L'étude idéale, suggéraient-ils, consisterait à étudier des personnes non-obèses assignées de manière aléatoire à différents réseaux sociaux dont le taux d'obésité serait variable. Si l'obésité est effectivement contagieuse, alors les personnes assignées à des réseaux sociaux où les personnes sont plus obèses auraient tendance à gagner plus de poids que les autres.

Le cas particulier des familles de militaires assignées à des bases

Ashlesha Datar et Nancy Nicosia, les auteurs de la récente étude, se sont justement rendu compte que l'armée a réuni ces conditions en assignant différentes familles à différentes bases militaires réparties sur tout le territoire américain.

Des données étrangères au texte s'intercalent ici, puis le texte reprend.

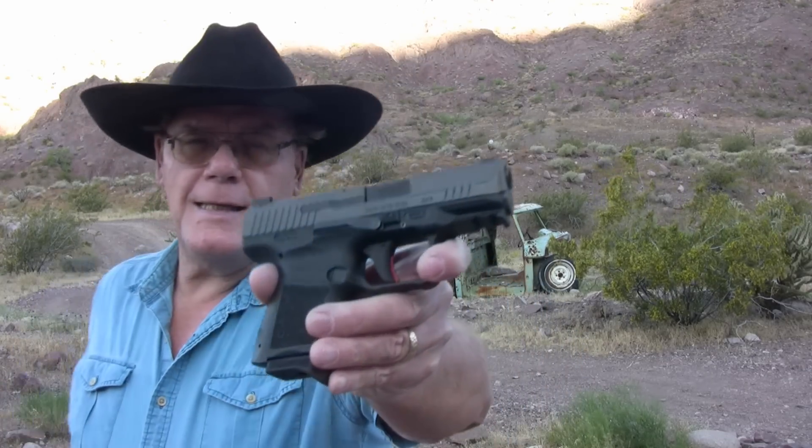Good morning from windy Southern Nevada. I'm going to do things a little different in this review. I'm going to immediately start shooting this little pistol and then go into my shop and review it, only because the wind is blowing really bad. My audio probably sucks, and since I'm out here I might as well shoot it. So let's go ahead and start shooting this little Canik TP9 Elite.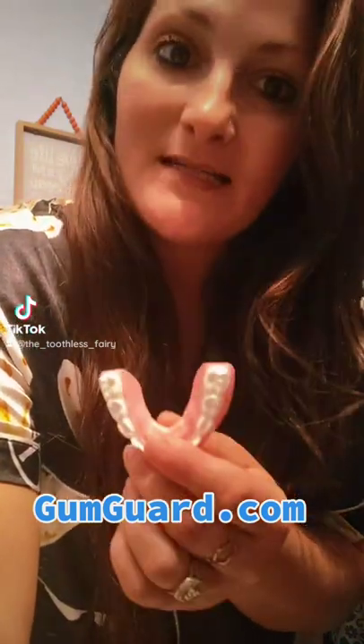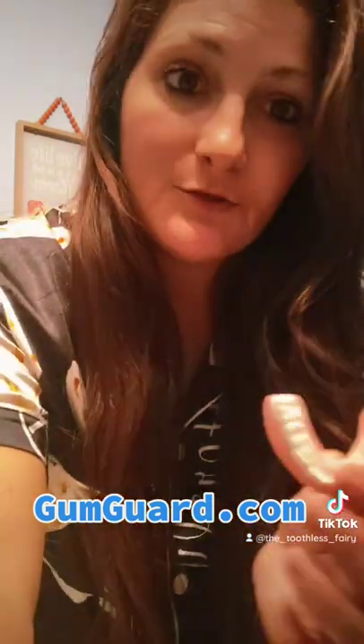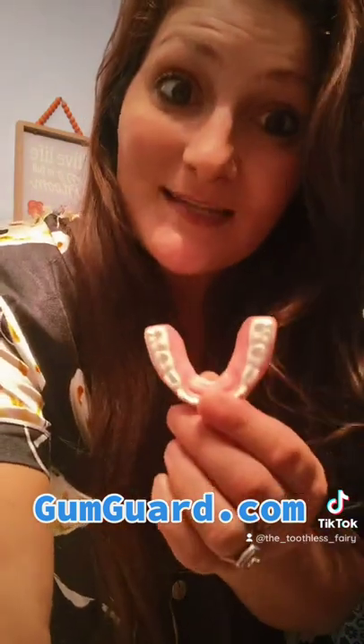I wear mine to sleep because I was waking up with the most excruciating jaw pain every morning from sleeping without my teeth. It's recommended you sleep without your teeth — there's a multitude of reasons — so this was a lifesaver for me.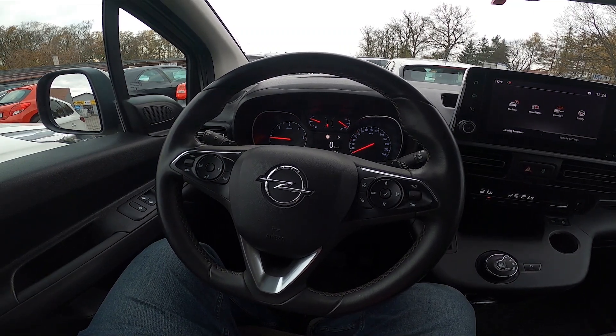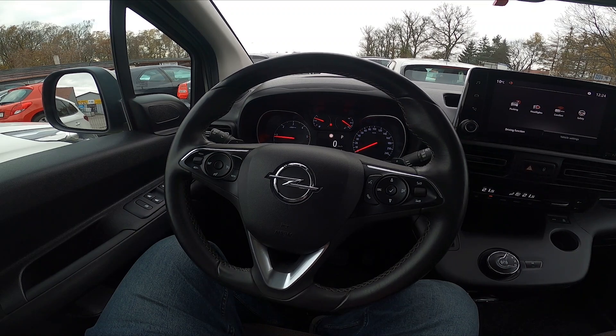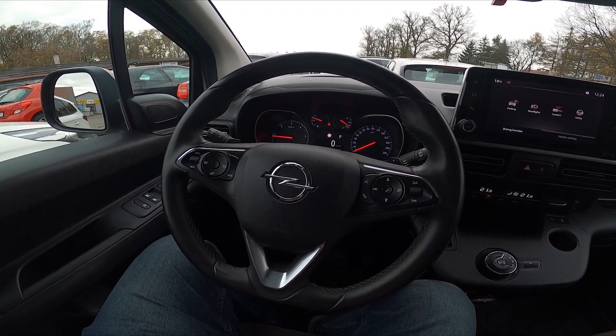Hello, today I'm in Opel Combo. In this video I'll show you how to turn the radio on and off and how to change the radio volume.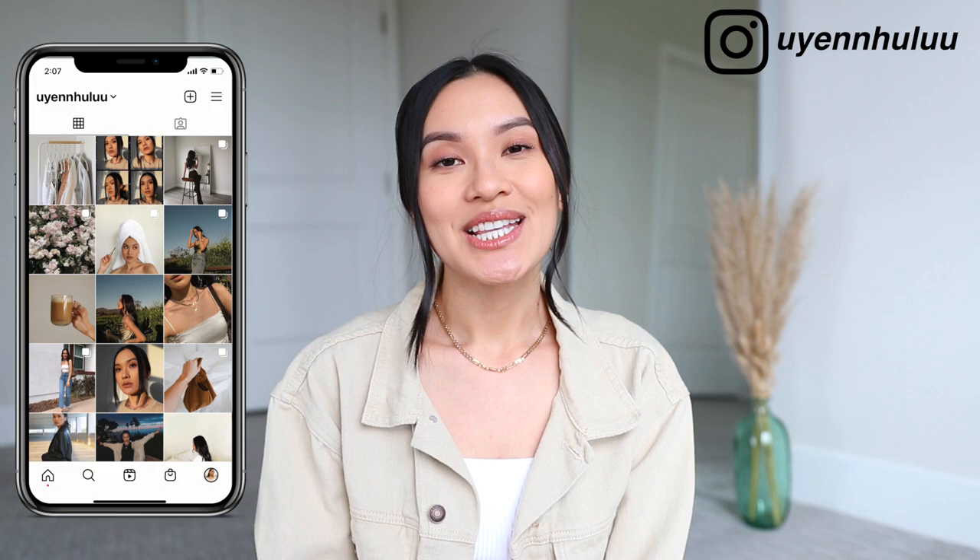Hey guys, welcome back to my channel, or welcome if you're new. Today's video is going to be an Amazon home haul — this will be the first of many. As most of you know, I recently just moved and I'm buying everything from scratch. I pretty much moved into this apartment with nothing, so I'm having a lot of fun starting fresh. I decided to kick it off with an Amazon video because we all love Amazon — it's affordable and accessible.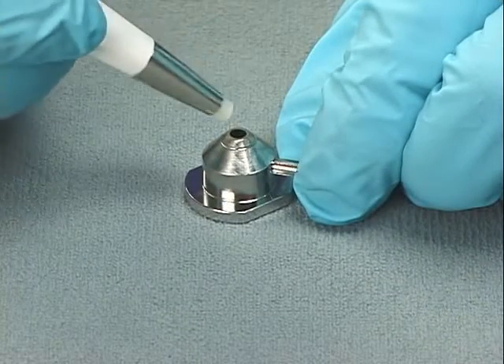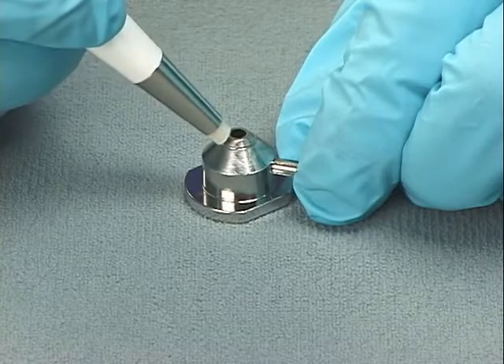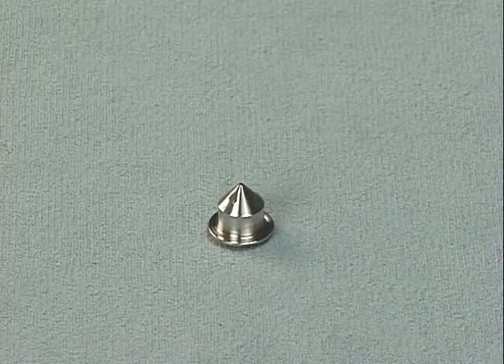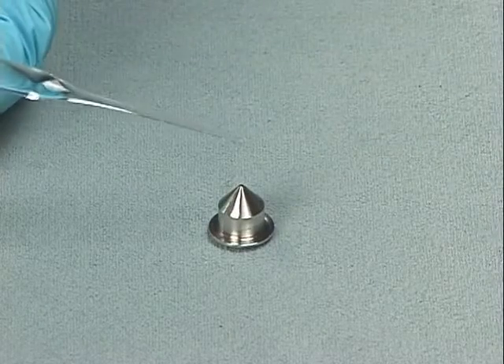Using a glass fiber pen, gently rub the surface of the cone gas nozzle to remove gross contamination. If the sample cone contains debris, place a drop of formic acid on its orifice.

Les assignations n'étaient évidemment pas aléatoires, mais comme elles n'étaient pas non plus basées sur le poids des militaires ou de leurs enfants, elles fournissaient une base solide d'étude.

Il ne leur restait plus qu'à collecter les données de l'étude M-TEENS, qui suit de près l'IMC de milliers d'enfants de militaires assignés à l'une des 12 bases militaires réparties sur différents counties [départements], où les taux d'obésité varient de 21% à El Paso, dans le Colorado, à 38% à Vernon, en Louisiane. Grâce à ces données, les deux chercheuses ont pu déterminer qu'environ un quart des adolescents (sur 1111) et les trois-quarts des parents (sur 1314) étaient soit en surpoids, soit obèses.

Plus les familles sont proches des locaux, plus leur IMC est influencé

Après avoir ajusté les résultats avec divers facteurs, comme l'âge, le sexe, l'éducation, les revenus ou même le grade militaire, les chercheuses ont déterminé que les familles de militaires étaient plus susceptibles d'être en surpoids ou obèses quand elles étaient affectées dans des counties où le taux d'obésité était élevé.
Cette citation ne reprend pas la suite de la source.